## REQUIRED WORK
Only the lines from the one containing "Whimsical Christmas Reindeer" through the last line of the data below belong in your answer, copied exactly and without pictures.

## MATERIAL SHOWN

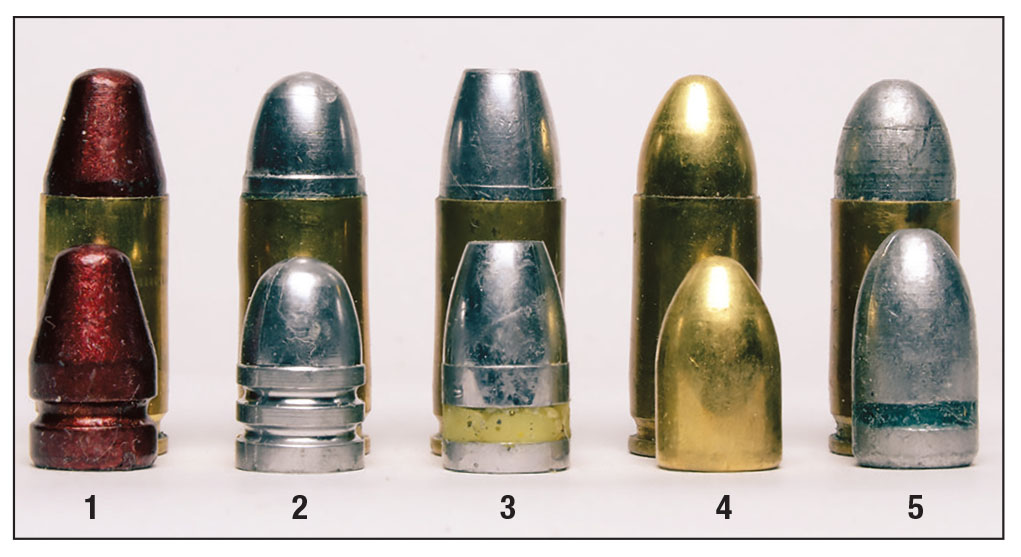 The bullets Mike handloaded for this article are: (1) Cheyenne Bullet Company 125-grain TC coated cast bullet, (2) Lyman 120-grain cast RN mould No. 356242, (3) MP Molds 135-grain cast TC No. 357-135FB, (4) Montana Bullet Company 124-grain FMJ and (5) Oregon Bullet Company 145-grain cast RN.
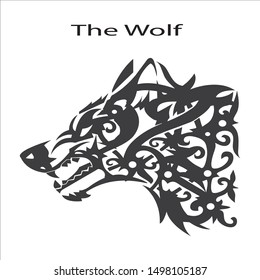 ( the wolf )vector line art  ornamental from kalimantan/borneo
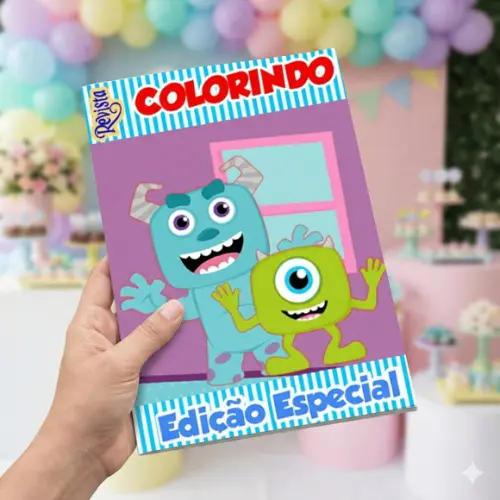 Revistinha para Colorir Monstros Sa - Lembrancinha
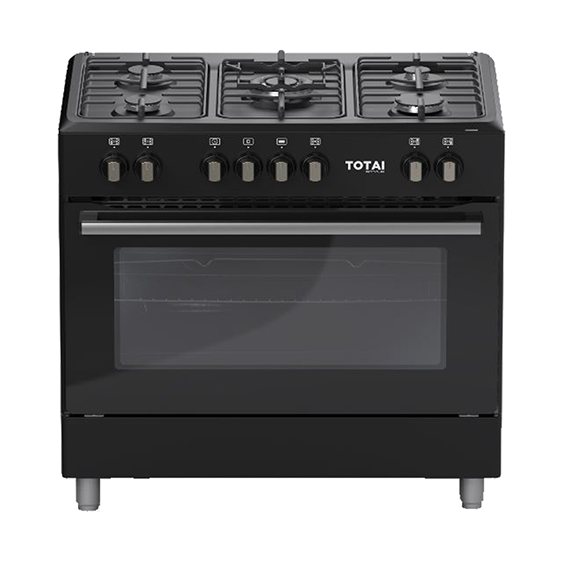 TOTAI TS 90CM 5 BURNER GAS STOVE WITH ELECTRIC OVEN- BLACK - 03/T800EB-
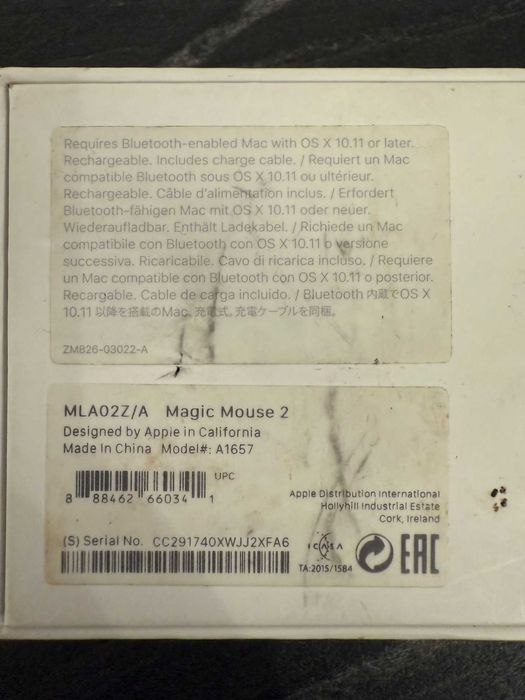 Apple Magic Mouse 2  + cutie și cablu original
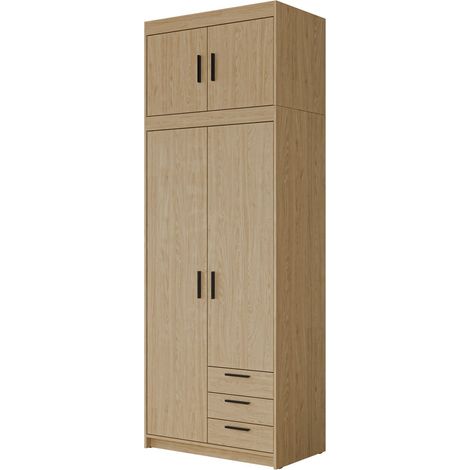 Armario Novduni 113, Roble, 246x90x53cm, Puertas de armario: Con bisagras, Número de estantes: 0 (1/4)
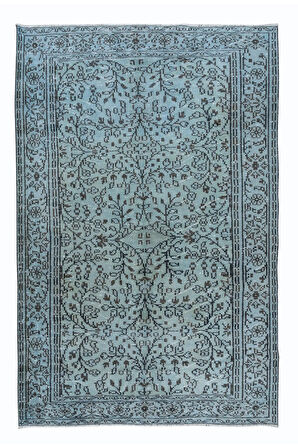 160x240 cm El Dokuması Halı, Açık Mavi Modern Halı, El Yapımı Çiçek Desenli Halı
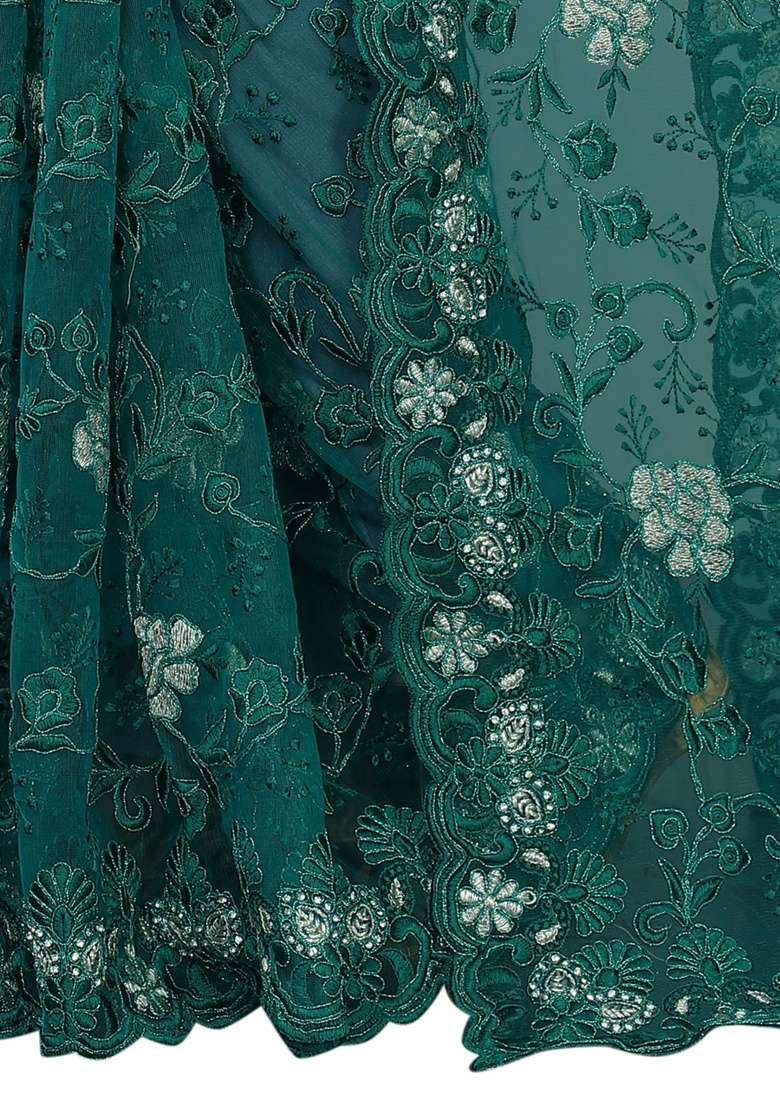 Rama Net Saree Set with Embroidery for Diwali | Wedding & Festive Wear - Indya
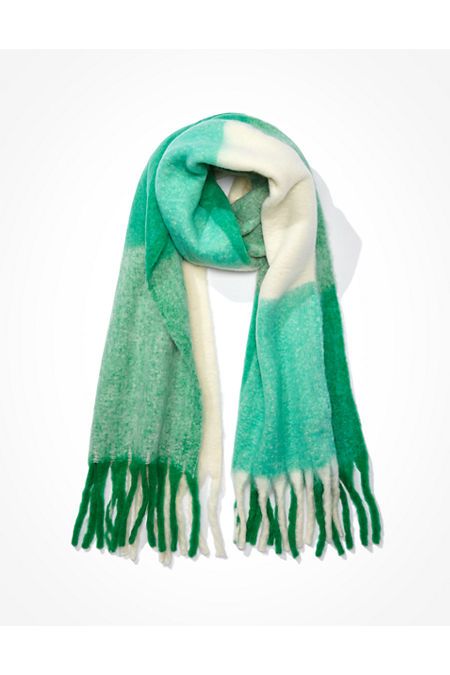 AE Plaid Blanket Scarf Women's Green One Size | American Eagle Outfitters (US & CA)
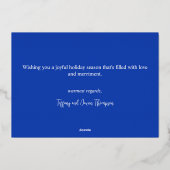 Tijdelijk blij blauw en wit echt folie feestdagenkaart (Achterkant)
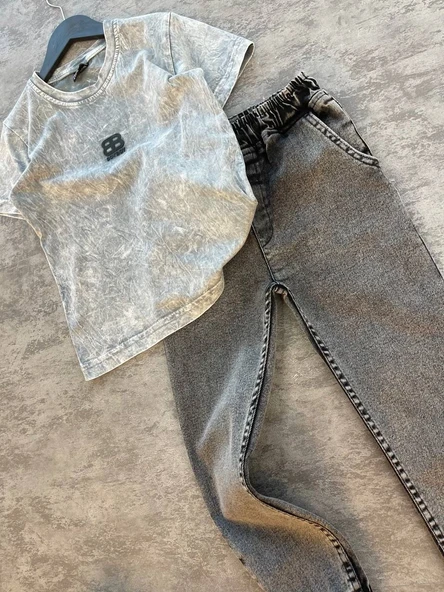 Cg Kids Yıkamalı Kabartma Baskı Bb Lastikli Paça Eskitme Jean Erkek Çocuk Alt Üst Takım - 2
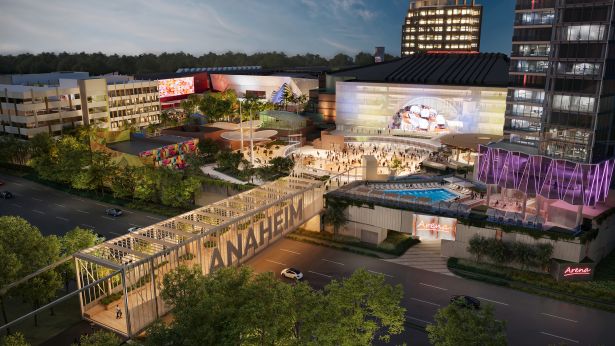 OCVibe’s Scott Frick On Building a $5B District Around Anaheim’s Honda Center A rendering of OCVIBE’s planned South Plaza and Katella Bridge in Anaheim, Calif.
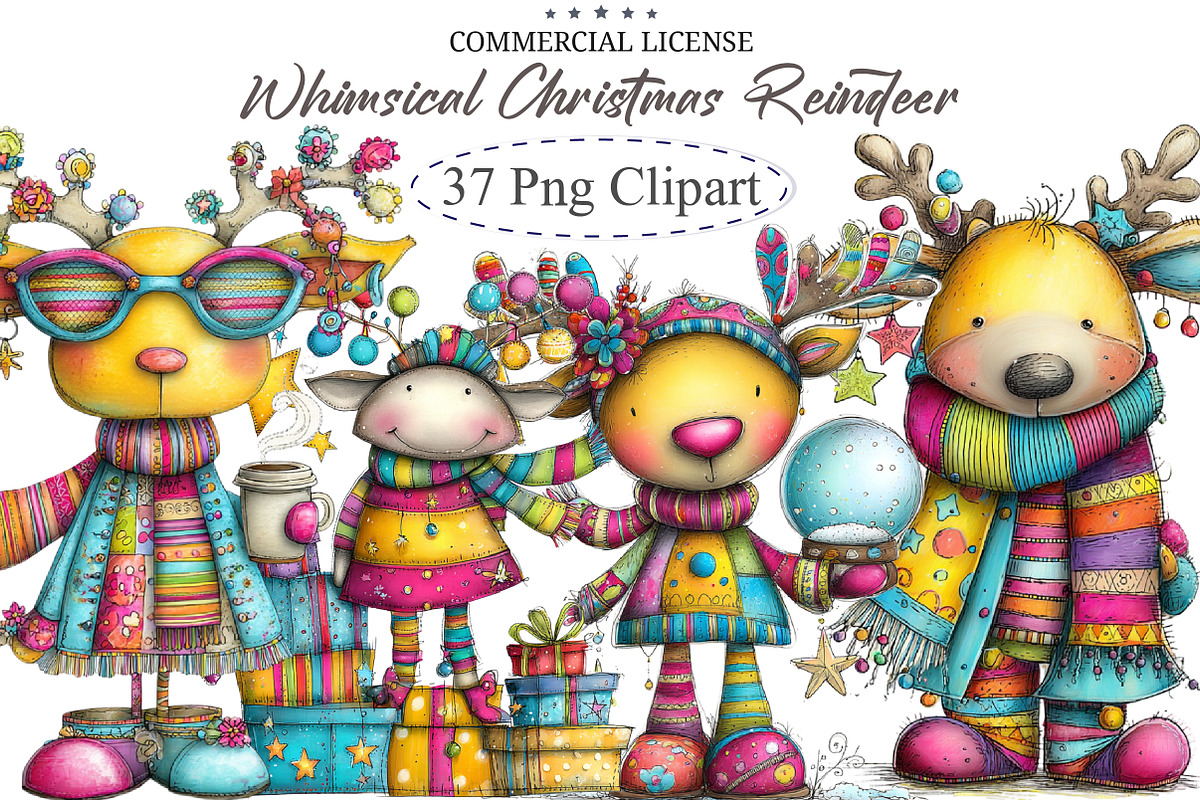 Whimsical Christmas Reindeer Clipart, an Illustration by designcity5 (Photo 1 of 5)
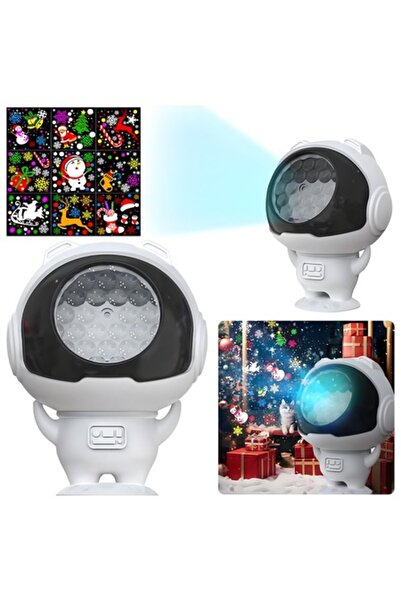 Optim Solution Astronaut LED Laser Christmas Projector, 2–10 m Projection, Night Lamp, 12.5×10 cm, White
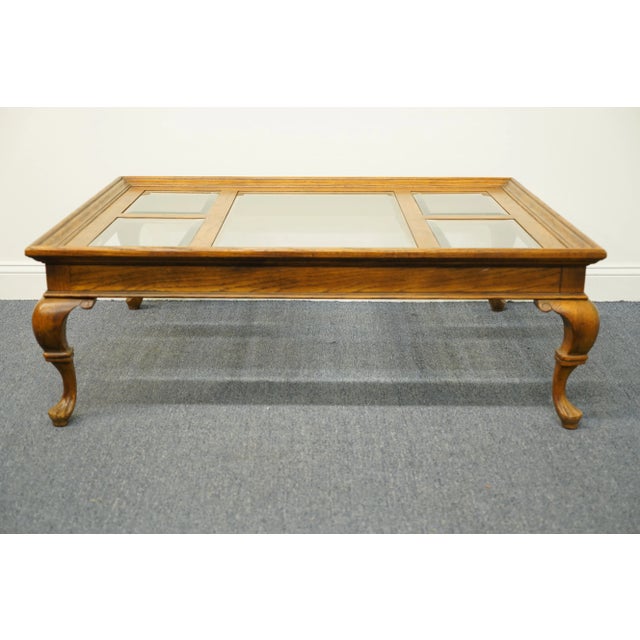 Drexel Furniture Chatham Oak Collection Country French 50x40" Accent Coffee Table W. Glass Top 196-109-3 For Sale In Kansas City - Image 6 of 11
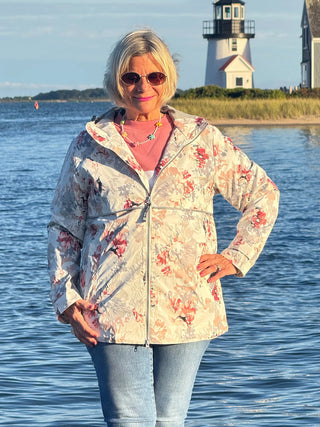 Women's New Englander® Floral Printed Rain Jacket CHARLES RIVER RAIN APPAREL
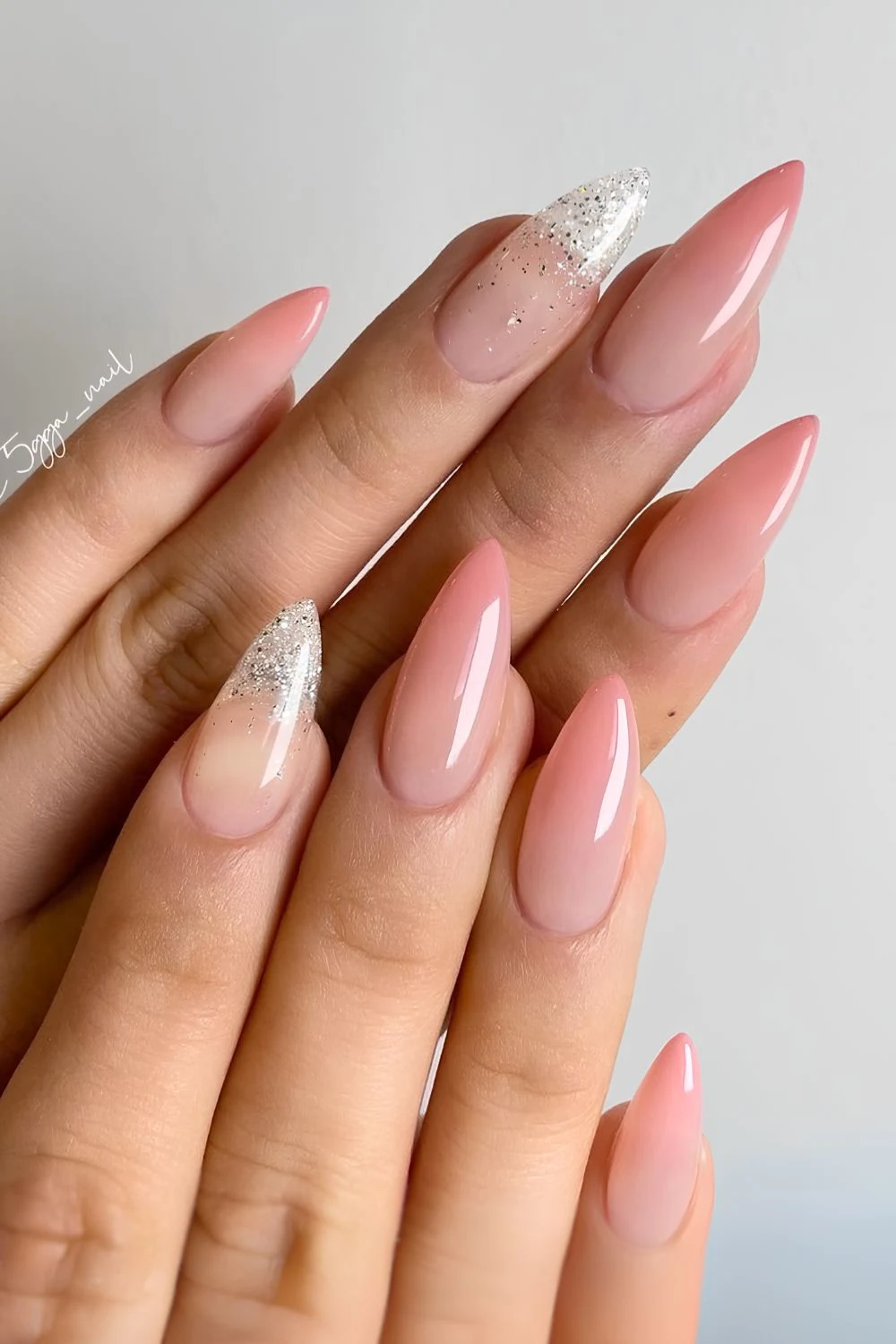 Pink ombre mani with glitter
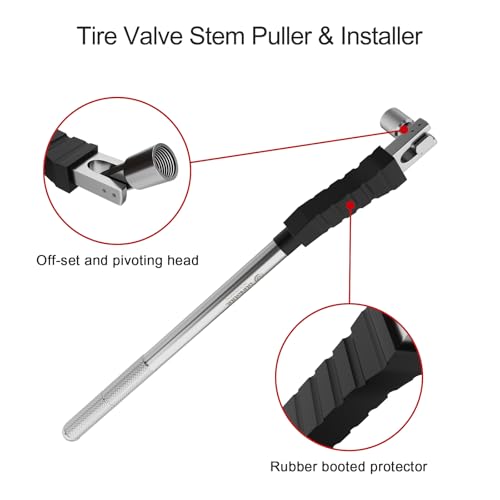 SUNSOUL Metal Valve Stem Puller, 12.5 Inch Tire Valve Stem Removal Tool | Rim Protection Design, Heavy Steel Construction, 2-in-1 Install & Removal Tool, Knurled Non-Slip Grip, Valve Stem Tool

## WORKED SOLUTION
 Whimsical Christmas Reindeer Clipart, an Illustration by designcity5 (Photo 1 of 5)
 Optim Solution Astronaut LED Laser Christmas Projector, 2–10 m Projection, Night Lamp, 12.5×10 cm, White
 Drexel Furniture Chatham Oak Collection Country French 50x40" Accent Coffee Table W. Glass Top 196-109-3 For Sale In Kansas City - Image 6 of 11
 Women's New Englander® Floral Printed Rain Jacket CHARLES RIVER RAIN APPAREL
 Pink ombre mani with glitter
 SUNSOUL Metal Valve Stem Puller, 12.5 Inch Tire Valve Stem Removal Tool | Rim Protection Design, Heavy Steel Construction, 2-in-1 Install & Removal Tool, Knurled Non-Slip Grip, Valve Stem Tool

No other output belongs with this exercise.